The picture of one step could not be uploaded. After the above picture work next stitch the same way as the picture no. 3 of the first row (shown above) and then work the step in picture shown below.

While working the next row Turn the work again so that the stitch is worked from left to right.

Please note that the needle tip should go under the thread and not over it as shown above.The stitch is correct , just that pull the needle up keeping the thread over it to avoid a knot.

Continue working in the same manner.

 This is how the sampler looks after the two motifs are done. Lots more to work....

Friday, 26 December 2014

Embroidery Stitches: Coral Stitch

Coral stitch is also known as knotted stitch, snail trail, beaded stitch or German Knot.

Coral Stitch is used in White work Embroidery as a reinforcement stitch along with the Chain stitch. It is also used in surface embroidery to create continuous knots.

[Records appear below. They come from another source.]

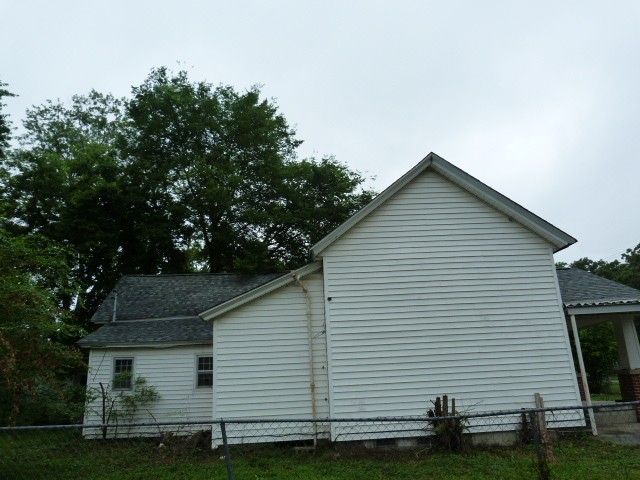 410 S Franklin St, S, Tullahoma, TN 37388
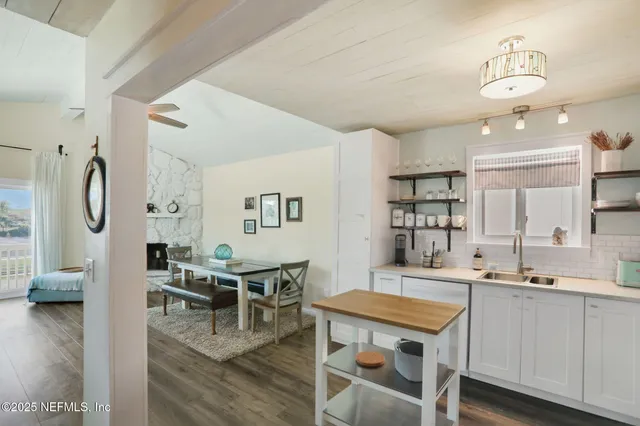 $1,100,000 | 1721 2nd Street South, Jacksonville Beach, FL 32250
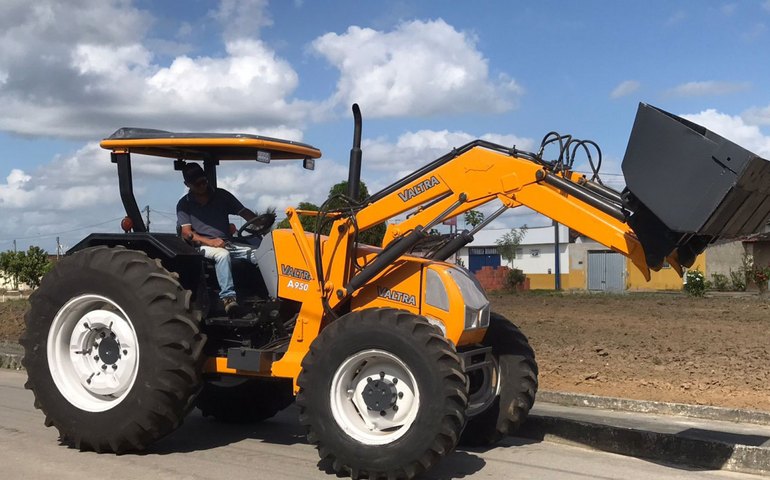 Após recuperação, Prefeitura de Branquinha coloca mais um veículo à serviço da população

It can be used for outlining a design on even for filling an area when worked parallel and close to each other.

Bring the needle up at 'a'. 
Place the working thread along the line of the design.
Pass needle into the fabric under the embroidery thread picking 2-3 thread  from 'b' to 'c' .
Pull the needle while the embroidery thread is looped under the needle (shown above).

How to work Coral Stitch at the Corners

Finish the last coral stitch at the corner.
Take the needle to the other line passing the needle into the fabric and bring it up where next stitch has to be placed as shown in the picture above.
Continue working the stitch.

Happy Stitching !

Embroidery Stitches Used in Schwalm White Work

Check this page for all the posts on Schwalm White Work. 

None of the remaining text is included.